Désespéré de sauver sa saison de football retardée par une pandémie l'automne dernier, le Pac-12 a fait un pari.

Les tests antigéniques rapides - une nouvelle technologie de détection du coronavirus - étaient arrivés sur le marché ces derniers mois, offrant des résultats en 15 minutes. Le Pac-12, et d'autres conférences sportives, voulaient essayer une utilisation non prouvée : dépister quotidiennement les athlètes en bonne santé pour le coronavirus.

Le commissaire à la conférence, Larry Scott, a négocié un accord avec Quidel, un fabricant de tests de premier plan, et a salué les tests comme un «changement de donne».

Mais dans les coulisses, un débat a fait rage sur la question de savoir si les tests pouvaient tenir leurs promesses.

Un expert des tests UW Medicine a averti ses collègues que les tests ne détecteraient pas les porteurs asymptomatiques. La présidente de l'UW, Ana Mari Cauce, craignait que les universités soient «dupées» par Quidel. Et le chef de la médecine du sport de l’UW, qui a aidé à diriger les efforts de test de la conférence, craignait de donner au public l’impression que les étudiants servaient de «cobayes».

En fin de compte, l’Université de Washington a dépensé plus d’un demi-million de dollars pour ces tests, a vu trois de ses matchs de football annulés et perdu des millions de revenus, contribuant aux problèmes financiers du département des sports.

Tout au long du Pac-12, près d'un athlète sur cinq dans les sports de haut contact a été testé positif au COVID-19, et la conférence a été aux prises avec deux épidémies.

Une nouvelle recherche sur les tests d'antigènes, y compris une étude sur les athlètes Pac-12, révèle à quel point même les tests quotidiens peuvent être insuffisants. Les résultats de tests faussement négatifs, bien que rares, ont laissé les écoles Pac-12 peu susceptibles de détecter tous les cas où une personne est nouvellement infectée et pourrait bientôt répandre le virus.
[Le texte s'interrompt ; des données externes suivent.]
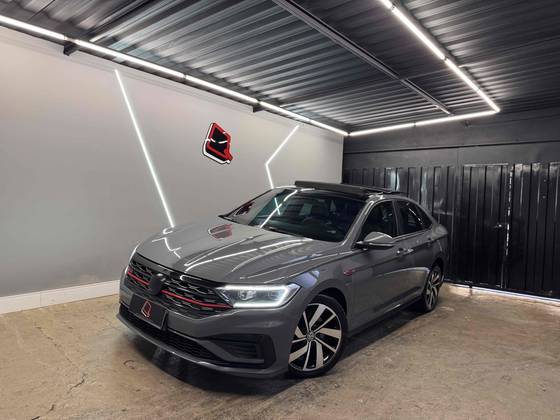 VOLKSWAGEN JETTA 2.0 350 TSI GASOLINA GLI DSG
Et les tests sont susceptibles de produire des résultats faussement positifs, également rares, dans une population de jeunes adultes en bonne santé. Une étude distincte sur les campus universitaires du Midwest a révélé que les tests d'antigène renvoyaient deux faux positifs pour chaque vrai positif chez les personnes asymptomatiques.

Même avec ces limitations, les tests antigéniques rapides - relativement bon marché et faciles à utiliser - sont susceptibles de devenir une partie plus importante de la vie quotidienne, apparaissant sur les tablettes des pharmacies, dans les écoles de la maternelle à la 12e année et sur les lieux de travail.

L'expérience UW et Pac-12 offre une leçon importante : les tests à eux seuls ne peuvent pas arrêter la propagation du coronavirus dans des environnements comme un vestiaire. Et tandis que les tests antigéniques ont détecté des infections et ont probablement contribué à contenir ou à prévenir les épidémies, les universités ont également décidé d'utiliser régulièrement des tests PCR coûteux, considérés comme le «standard de référence» pour diagnostiquer le COVID-19 - un luxe probablement non disponible pour de nombreuses organisations.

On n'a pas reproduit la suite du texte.